(Source material)

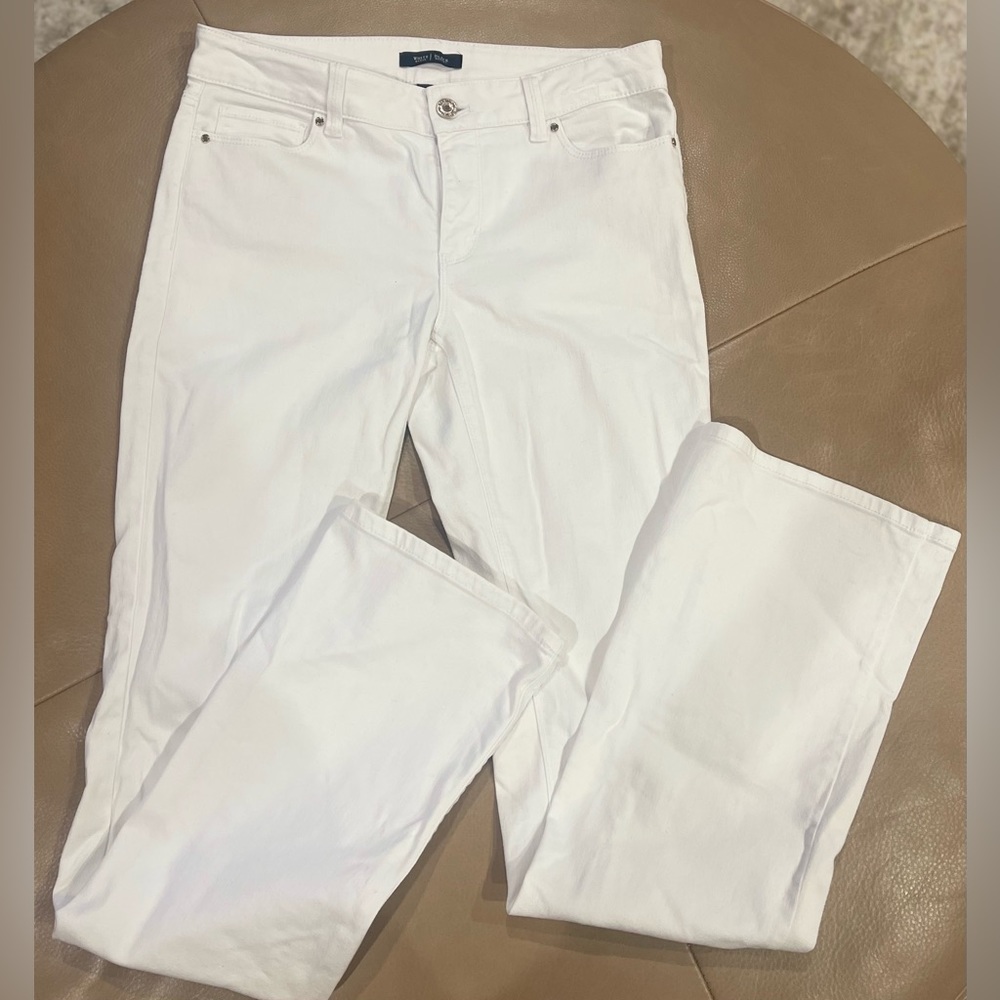 Super Cute Great Fitting White Skinny Flare Jeans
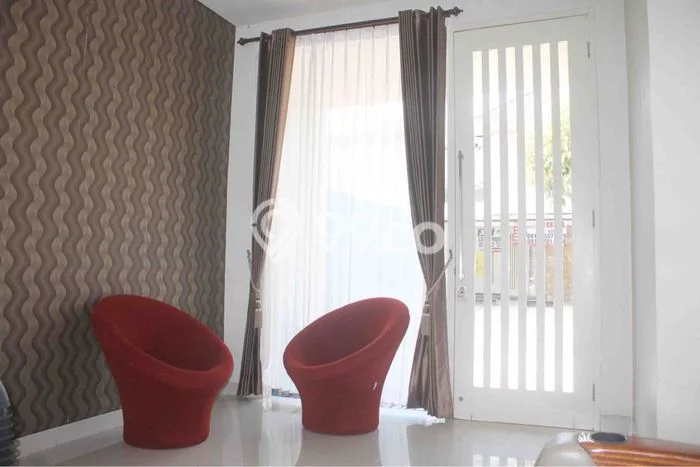 For Sale Hunian Rumah Terawat 4 Kamar di Wisata Bukit Mas, Surabaya For Sale Hunian Rumah Terawat 4 Kamar di Wisata Bukit Mas, Surabaya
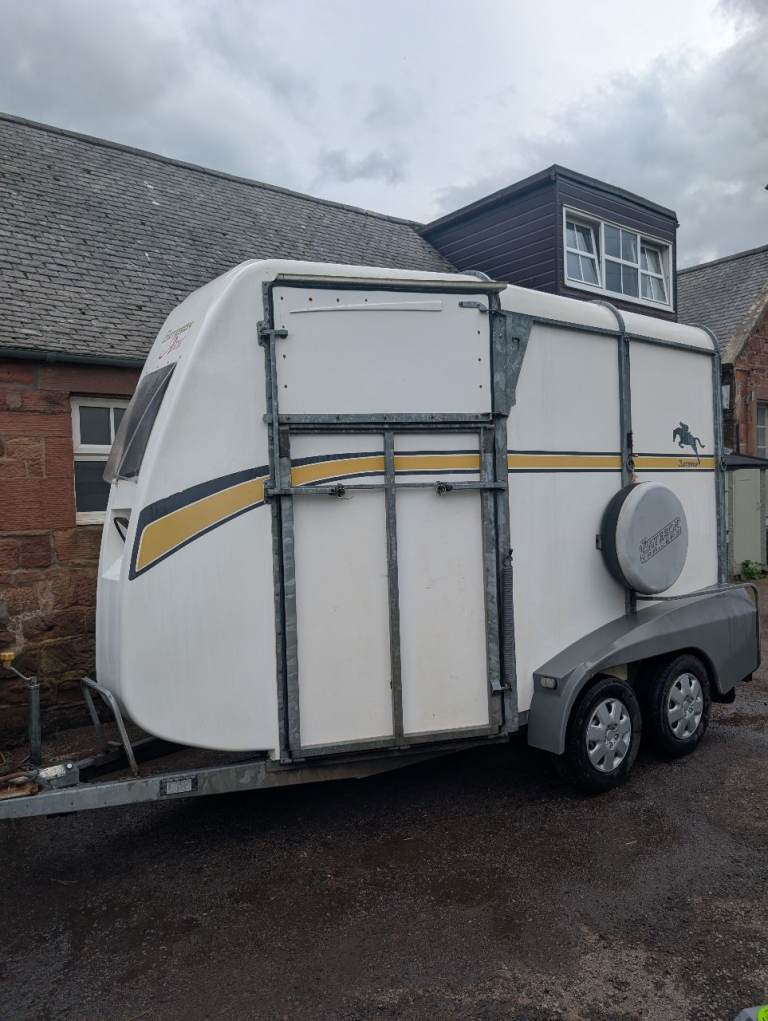 Batesons trailer great stamp, lots to love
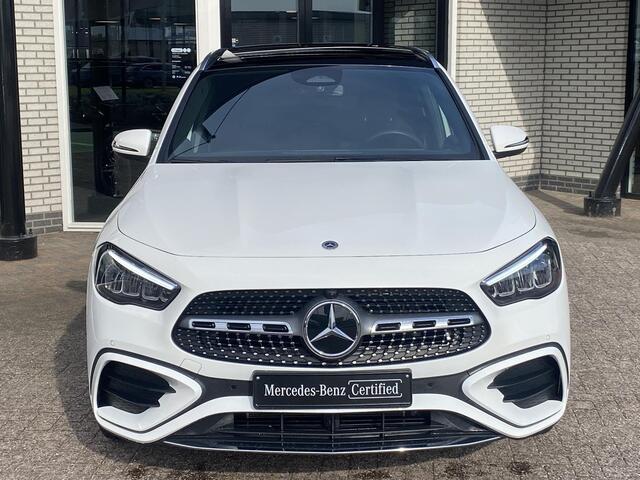 Mercedes-Benz GLA-KLASSE 250 e AMG | Panoramadak | Keyless Entry | Stoelverwarming | Sfeerverlichting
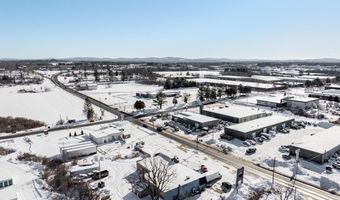 1567 Hammond St, Bangor, ME 04401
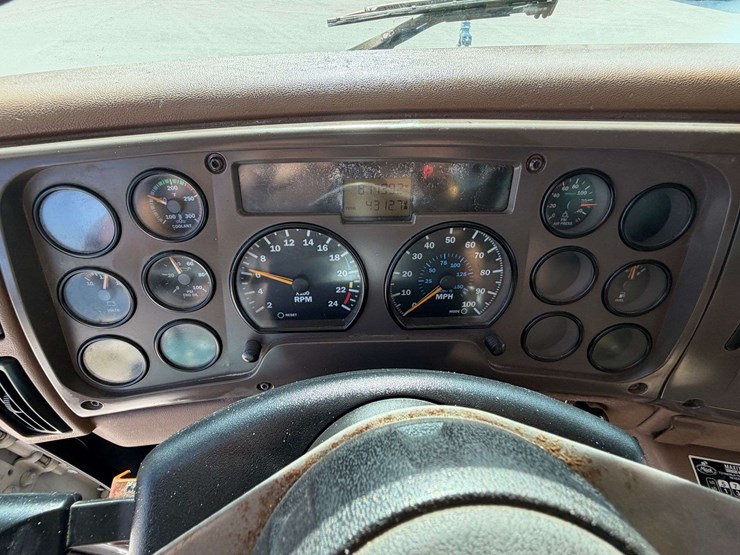 2006-mack-granite-ct713-image-36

(End Source material)

Give back the material above word for word; no picture belongs in it.

 Super Cute Great Fitting White Skinny Flare Jeans
 For Sale Hunian Rumah Terawat 4 Kamar di Wisata Bukit Mas, Surabaya For Sale Hunian Rumah Terawat 4 Kamar di Wisata Bukit Mas, Surabaya
 Batesons trailer great stamp, lots to love
 Mercedes-Benz GLA-KLASSE 250 e AMG | Panoramadak | Keyless Entry | Stoelverwarming | Sfeerverlichting
 1567 Hammond St, Bangor, ME 04401
 2006-mack-granite-ct713-image-36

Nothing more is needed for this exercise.